What about uncertainty?

Once the controller is designed, with safety specifications factored in, it will usually be tested in a simulation before being deployed on the real system. However, a controller that performs well within a simulation may not guarantee safety when applied in the real world. This “Sim2Real” gap could have any number of causes: sensor noise, uncalibrated cameras, gusts of wind, unexpected user behaviour, faulty components, or even cosmic rays flipping bits in a spacecraft’s computer.

A space satellite catching fire, with planet Earth in the distance
Despite all the careful work that goes into designing spacecraft, they may be vulnerable to damage from a host of factors that can't be fully accounted for in the simulation. 

So control systems need laws that can remain safe despite such uncertainties. Engineers can draw on two main methodologies to deal with uncertainty: robust or stochastic control. A system is robustly safe if it remains safe for every possible value of the uncertain quantity: for instance, if the noise on a wire will always lie within +-0.1 volts, or the wind speed hitting a drone is always within 10m/s. A system is stochastically safe if it obeys the safety constraint with high probability. Controllers that obey stochastic safety constraints are generally less conservative than controllers obeying robust safety constraints (that is, they may have a higher tolerance for cost, risk etc in pursuit of better performance), because a robust controller always needs to respond to the worst-case disturbance. 

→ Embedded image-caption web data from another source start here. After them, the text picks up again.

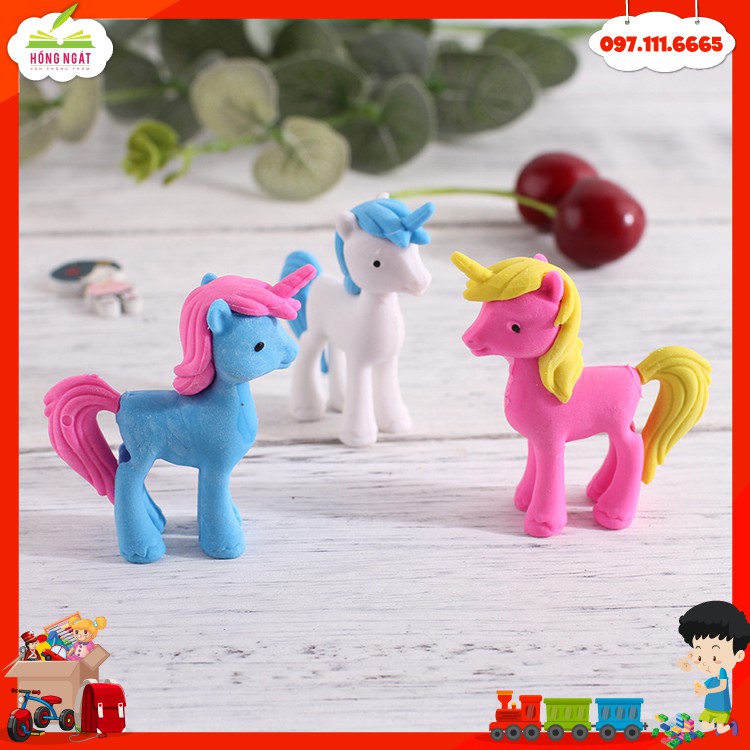 Tẩy bút chì hình ngựa pony, đồ dùng học tập dễ thương cute giá rẻ làm quà tặng học sinh văn phòng phẩm T06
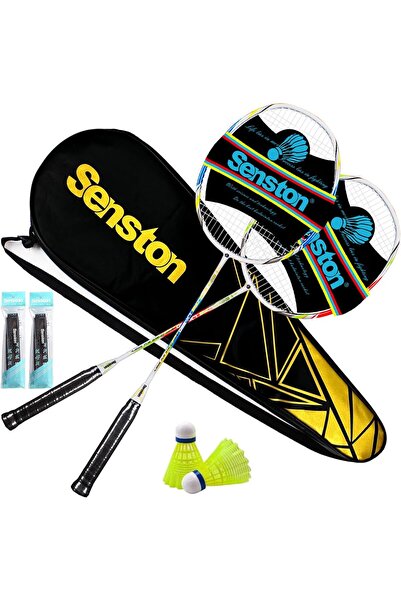Senston Badminton Rackets Set of 2, Badminton Racquets Including Badminton Ba...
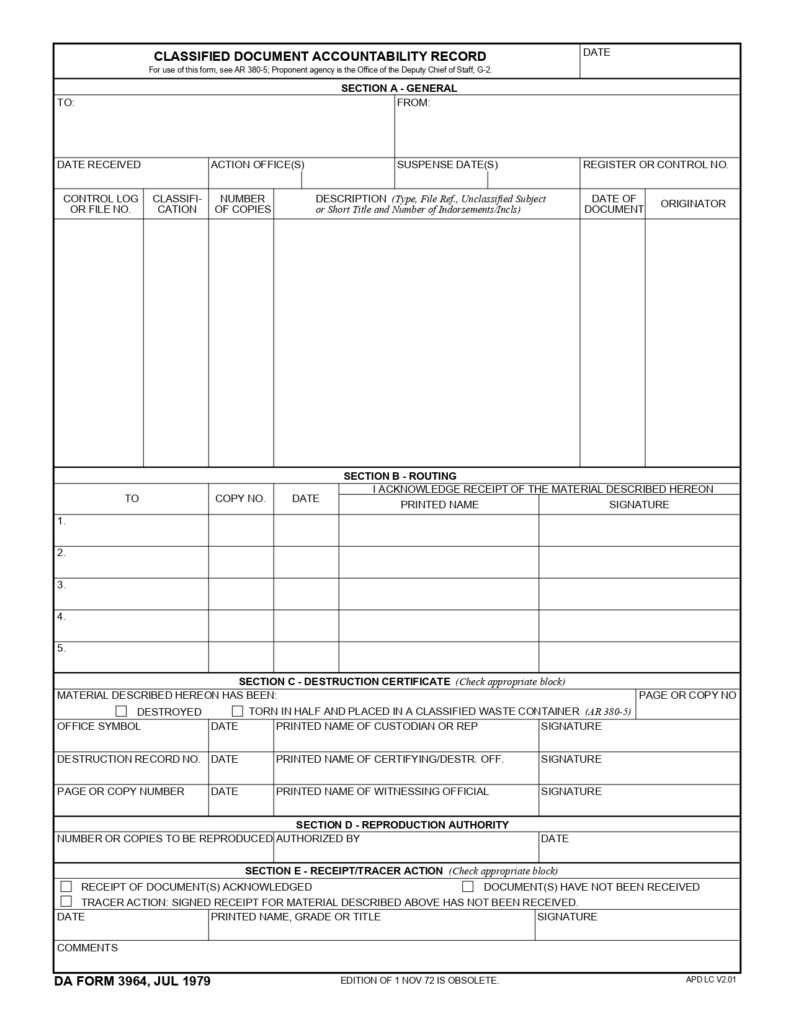 DA FORM 3964 - Classified Document Accountability Record_page-0001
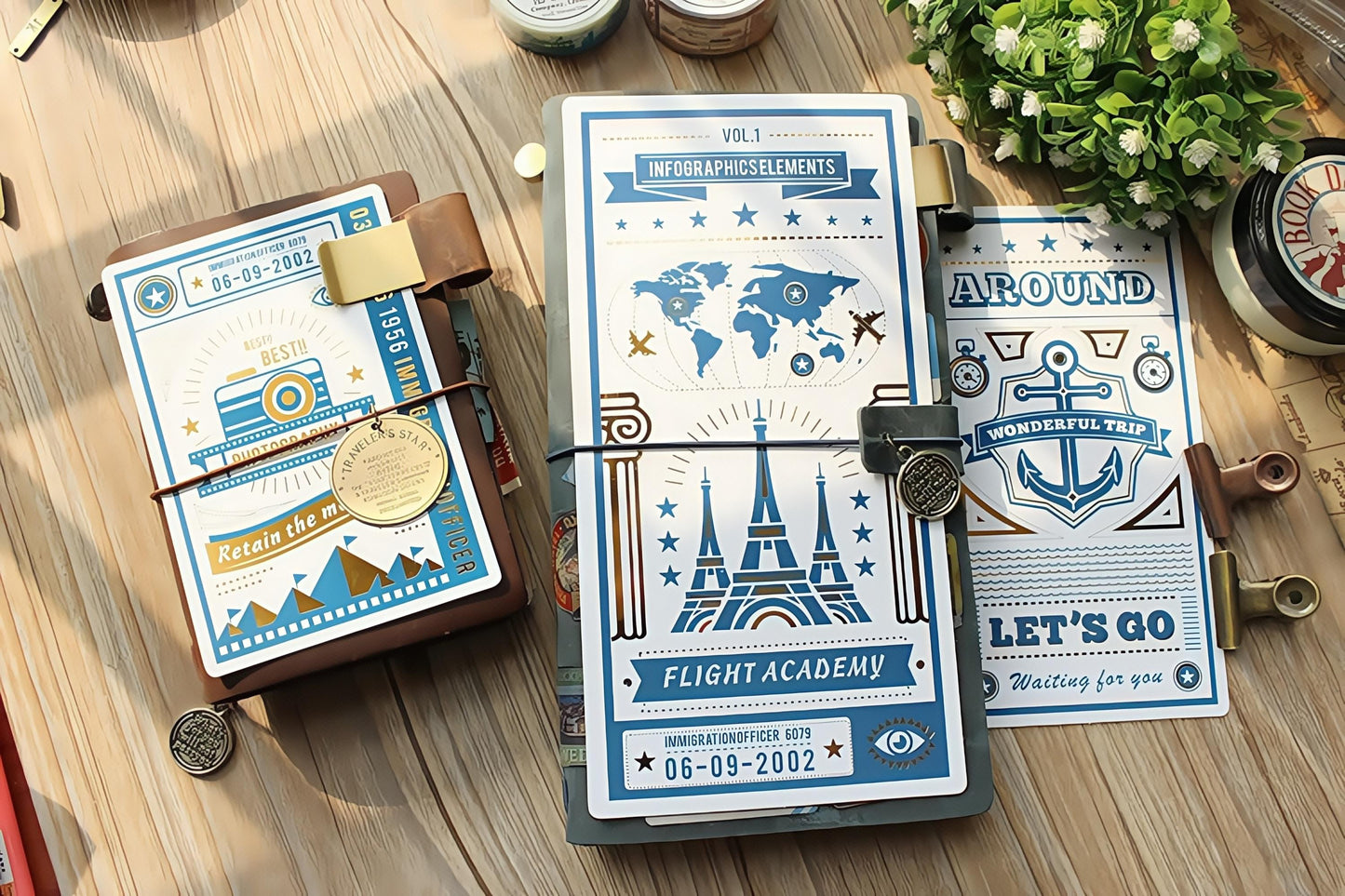 Traveler‘s Notebook Underlay with Ruler | Pencil Board | Gold Foiled Dashboards Page Marker | Standard Passport Size TN Accessories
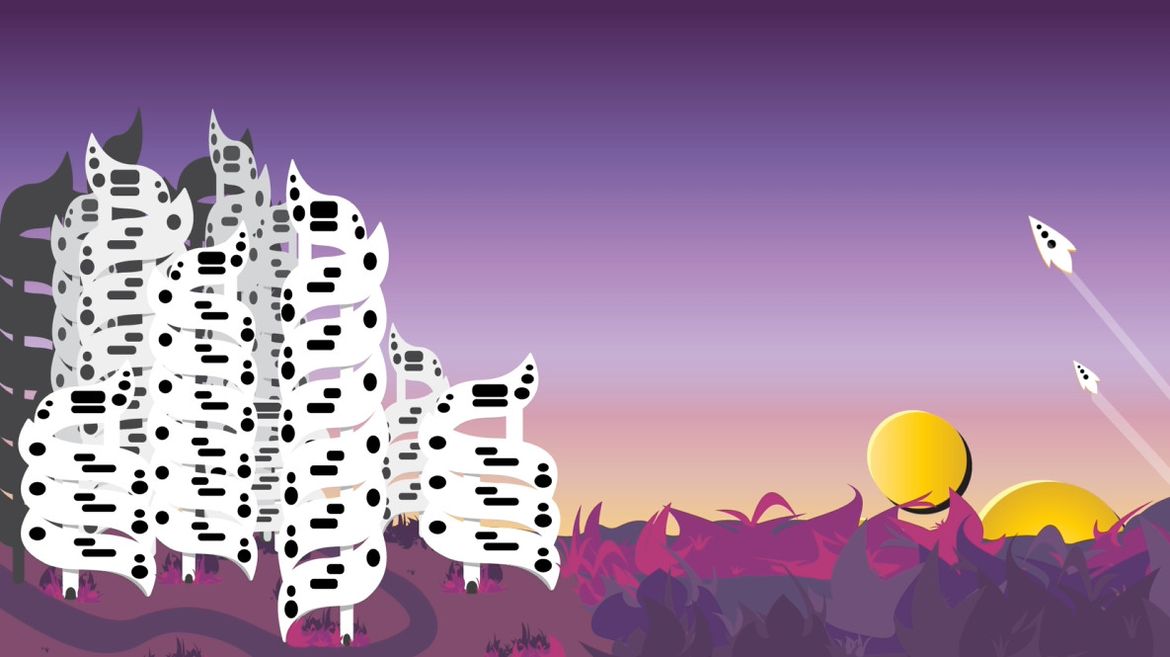 Animation still of alien planet with white swirly plants with black spots and stripes on left and two suns near horizon on right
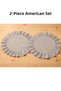 Linen Fabric American Placemat 40 cm – Ruffled Round Table Placemat, Set of 2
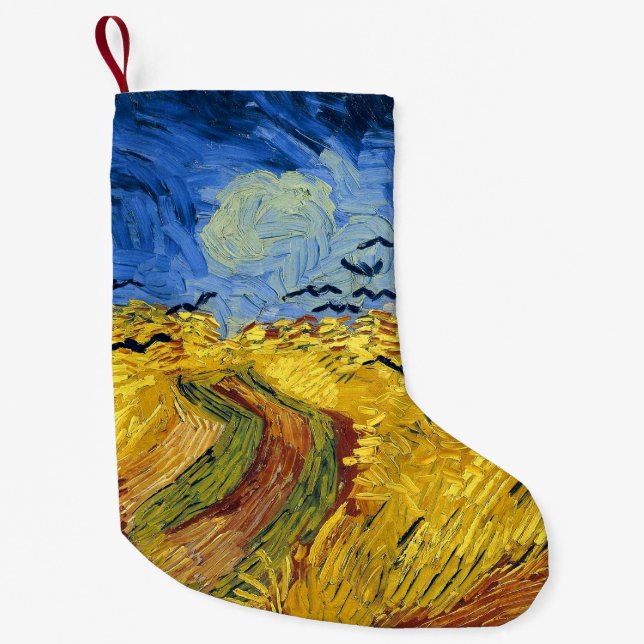 Meia De Natal Pequena Van Gogh Wheat Fields impressionista Painting (Frente)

Stochastic constraints can be further split into individual chance constraints or joint chance constraints. Individual chance constraints ensure safety (up to the defined probability) separately at each point in time. In contrast, a joint chance constraint returns a probability of staying safe over the course of the entire trajectory. For example, a control policy for an aeroplane could be chosen such that the probability of the plane landing safely at its destination and respecting all constraints over the course of its flight) exceeds 99.9999%. Joint chance constraints are more appropriate safety specifications in practice than individual chance constraints, but require more computational effort and technical care to solve. 

Robust (hard) constraints           Stay safe for any possible value of the uncertain quantity

Individual chance constraints     Stay safe at every separate point in time with some probability

Joint chance constraints             Stay safe across the entire trajectory with some probability

Distributional robustness            Stay safe for all consistent noise processes with some probability

A bridge between robust and stochastic safety is distributionally robust safety. Distributionally robust methods provide stochastic safety against all noise processes sufficiently close to a reference distribution (which is typically based on observed data) – that is, actual events are used to derive a range of probable noise that defines the “robust” safety constraints. Since it is theoretically possible that this range could be exceeded, all in all the safety constraints must be called stochastic, but within the probable range, robust constraints are obeyed with high probability. Distributionally robust safety has applications in the operation of wind turbines and solar farms, in which historical data for wind and cloud-cover trends can be used to define likely noise sources in the future. 

MPC schemes can find controllers that ensure safety under all these uncertainty conditions – robust, stochastic, and distributionally robust uncertainty (so long as recursive feasibility holds). 

Safety you can rely on 

As we have discussed, what “safety” means depends highly on the specific application. We have also explored methods to define, quantify, and control for safety in real-world systems. And we have considered the fact that safety must be prioritised at every level, with management and policy decisions shaping the process from the very first steps (defining norms, assessing risks  and so on) to the final, ongoing safety audits. 

Control can contribute to ensuring safety throughout this entire lifecycle. Ideally, the goal of control design should be verified safety that users can rely on without thinking… as unquestioned as flipping a light switch.